→ What you are asked to do: Exactly as given, transcribe each entry that follows.

→ Data for review:
------------------------------------------------------------------------
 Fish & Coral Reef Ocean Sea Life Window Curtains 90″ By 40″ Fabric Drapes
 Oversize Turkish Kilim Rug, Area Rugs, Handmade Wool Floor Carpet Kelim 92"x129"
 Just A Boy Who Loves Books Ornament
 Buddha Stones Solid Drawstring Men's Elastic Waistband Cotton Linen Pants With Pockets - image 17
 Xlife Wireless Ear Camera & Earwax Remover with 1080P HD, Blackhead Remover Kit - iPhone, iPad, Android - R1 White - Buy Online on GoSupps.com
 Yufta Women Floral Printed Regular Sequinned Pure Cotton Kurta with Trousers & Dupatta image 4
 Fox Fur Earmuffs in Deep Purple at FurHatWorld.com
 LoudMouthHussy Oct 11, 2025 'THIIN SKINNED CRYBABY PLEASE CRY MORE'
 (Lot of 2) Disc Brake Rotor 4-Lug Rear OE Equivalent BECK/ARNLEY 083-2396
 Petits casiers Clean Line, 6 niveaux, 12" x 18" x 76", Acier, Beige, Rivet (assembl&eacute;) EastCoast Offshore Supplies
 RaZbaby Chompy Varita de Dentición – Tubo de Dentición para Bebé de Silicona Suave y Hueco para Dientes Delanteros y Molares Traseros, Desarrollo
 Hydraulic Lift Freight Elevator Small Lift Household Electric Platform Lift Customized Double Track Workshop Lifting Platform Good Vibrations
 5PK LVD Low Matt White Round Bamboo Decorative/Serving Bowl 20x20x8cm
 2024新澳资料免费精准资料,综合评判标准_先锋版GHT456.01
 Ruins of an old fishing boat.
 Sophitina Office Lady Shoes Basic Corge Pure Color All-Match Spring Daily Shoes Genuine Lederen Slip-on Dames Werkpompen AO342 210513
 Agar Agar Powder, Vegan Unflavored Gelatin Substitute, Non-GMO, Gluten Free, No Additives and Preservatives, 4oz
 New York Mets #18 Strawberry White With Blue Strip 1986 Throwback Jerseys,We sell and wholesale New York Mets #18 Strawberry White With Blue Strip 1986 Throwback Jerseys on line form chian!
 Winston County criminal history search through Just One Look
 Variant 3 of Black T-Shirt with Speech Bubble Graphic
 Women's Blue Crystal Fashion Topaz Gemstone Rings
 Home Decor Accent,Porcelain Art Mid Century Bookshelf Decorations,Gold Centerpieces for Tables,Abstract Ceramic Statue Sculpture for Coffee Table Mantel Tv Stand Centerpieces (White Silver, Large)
------------------------------------------------------------------------
→ Output for this task:
 Fish & Coral Reef Ocean Sea Life Window Curtains 90″ By 40″ Fabric Drapes
 Oversize Turkish Kilim Rug, Area Rugs, Handmade Wool Floor Carpet Kelim 92"x129"
 Just A Boy Who Loves Books Ornament
 Buddha Stones Solid Drawstring Men's Elastic Waistband Cotton Linen Pants With Pockets - image 17
 Xlife Wireless Ear Camera & Earwax Remover with 1080P HD, Blackhead Remover Kit - iPhone, iPad, Android - R1 White - Buy Online on GoSupps.com
 Yufta Women Floral Printed Regular Sequinned Pure Cotton Kurta with Trousers & Dupatta image 4
 Fox Fur Earmuffs in Deep Purple at FurHatWorld.com
 LoudMouthHussy Oct 11, 2025 'THIIN SKINNED CRYBABY PLEASE CRY MORE'
 (Lot of 2) Disc Brake Rotor 4-Lug Rear OE Equivalent BECK/ARNLEY 083-2396
 Petits casiers Clean Line, 6 niveaux, 12" x 18" x 76", Acier, Beige, Rivet (assembl&eacute;) EastCoast Offshore Supplies
 RaZbaby Chompy Varita de Dentición – Tubo de Dentición para Bebé de Silicona Suave y Hueco para Dientes Delanteros y Molares Traseros, Desarrollo
 Hydraulic Lift Freight Elevator Small Lift Household Electric Platform Lift Customized Double Track Workshop Lifting Platform Good Vibrations
 5PK LVD Low Matt White Round Bamboo Decorative/Serving Bowl 20x20x8cm
 2024新澳资料免费精准资料,综合评判标准_先锋版GHT456.01
 Ruins of an old fishing boat.
 Sophitina Office Lady Shoes Basic Corge Pure Color All-Match Spring Daily Shoes Genuine Lederen Slip-on Dames Werkpompen AO342 210513
 Agar Agar Powder, Vegan Unflavored Gelatin Substitute, Non-GMO, Gluten Free, No Additives and Preservatives, 4oz
 New York Mets #18 Strawberry White With Blue Strip 1986 Throwback Jerseys,We sell and wholesale New York Mets #18 Strawberry White With Blue Strip 1986 Throwback Jerseys on line form chian!
 Winston County criminal history search through Just One Look
 Variant 3 of Black T-Shirt with Speech Bubble Graphic
 Women's Blue Crystal Fashion Topaz Gemstone Rings
 Home Decor Accent,Porcelain Art Mid Century Bookshelf Decorations,Gold Centerpieces for Tables,Abstract Ceramic Statue Sculpture for Coffee Table Mantel Tv Stand Centerpieces (White Silver, Large)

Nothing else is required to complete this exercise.